The lack of correlation determines the second-degree cross-moments (covariances) of a multivariate distribution?

It is given in the following image that

lack of correlation determines the second-degree cross-moments (covariances) of a multivariate distribution,while in general statistical independence determines all of the cross moments

It is not making any sense to me. Please explain it.

It has been taken from the book Elements of Statistical Learning chapter Unsupervised Learning.

The components of a Multivariate Normal distribution are independent if and only if they are uncorrelated. So cross-moments of higher than 2nd order don't come into play for independence determination.

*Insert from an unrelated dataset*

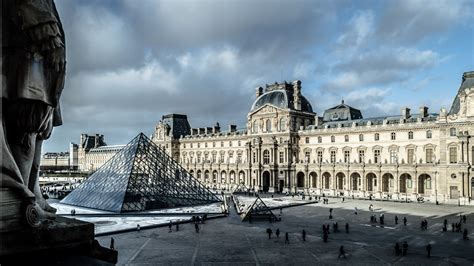 Interagieren Spielplatz Ausrüstung Sake Louvre Gepäck Versteigerung Gegen Suppe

For a general multivariate distribution, independence of components implies uncoorrelatedness of the components, but uncoorrelatedness of the components does not imply independence of the components. So cross-moments of higher than 2nd order can come into play for independence determination.

• Sir, first paragraph is not clear to me . Would you explain it a little bit more with examples. thanks Jun 15, 2018 at 12:02
• Consider the covariance matrix of a Multivariate Normal. If all the off-diagonal elements are zero, the components are independent.. For a general multivariate distribution, it is possible that all off-diagonal elements of its coovariace matrix are zero, but the components are not independent. See stats.stackexchange.com/questions/85363/… for examples of this. Jun 15, 2018 at 12:09

If $$S \in \mathbb{R}^q$$ is multivariate standard normal, then for $$\mathbf{A} \in \mathbb{R}^{p \times q}$$ we have

$$X = \mathbf{A}S$$

is multivariate normal.

Speaking intuitively, there is not much "freedom" in what the cross-moments are allowed to be if your distributions are multivariate normal. The distribution of $$S$$ are fixed by its covariance matrix $$\mathbf{I}$$, which consists of second-order (cross) moments, which are proportional to correlations. Once uncorrelatedness has specified these moments, we've already achieved independence; then all the higher order cross moments are automatically determined in terms of the standard deviations $$\sigma = 1$$, via (see Wikipedia):

$$\mathbb{E}[S_1^n S_2^m] = \mathbb{E}[S_1^n] \mathbb{E}[S_2^m] = \sigma \cdot (n - 1)!! \cdot \sigma \cdot (m - 1)!!$$

if $$n$$ and $$m$$ are odd.

If $$S$$ were independent but not multivariate normal, then $$S$$ would not rely only on its covariance matrix to determine its distribution. We can specify uncorrelatedness (second moments), but unlike in the Gaussian case where the second moments contain all the information, we can "keep going" and specify higher cross moments of $$S$$ to approach independence. Since the higher moments aren't fixed automatically by the second moments, there is some additional information contained in them.

So intuitively there should be some ambiguity in the choice of $$\mathbf{A}$$ in the Gaussian case, since specifying independence means specifying uncorrelatedness means we only get information from the second moments. This is not rigorous, but the ambiguity seems to arise via us freely being able to replace $$\mathbf{A}$$ with $$\mathbf{A}\mathbf{R}^T$$ for any orthogonal $$\mathbf{R}$$.

When $$S$$ is not Gaussian, the additional information contained in the higher moments is what intuitively fixes the choice for $$\mathbf{A}$$.

=============

some tidbits:

In your book you can consider equation (14.85). We would like to minimize the entropy with respect to $$\mathbf{A}$$, but if the distributions are Gaussian, because they have equal variance their entropy is fixed and we cannot adjust it. We need non-Gaussianity to give us more information to bring it lower.

The explanation given by Hyvarinen and Oja (2000), which the book cites as a resource on page 560, is simpler. It instead says that the standard multivariate Gaussian doesn't work because it is rotationally symmetric. Indeed, replacing $$S$$ with $$\mathbf{R}S$$ leaves the entire distribution of $$X$$ unchanged, for any rotationally symmetric distribution for $$S$$. But it still turns out $$S$$ must be Gaussian, due to a theorem which says that if $$S$$ is rotationally symmetric with independent components then it must be Gaussian.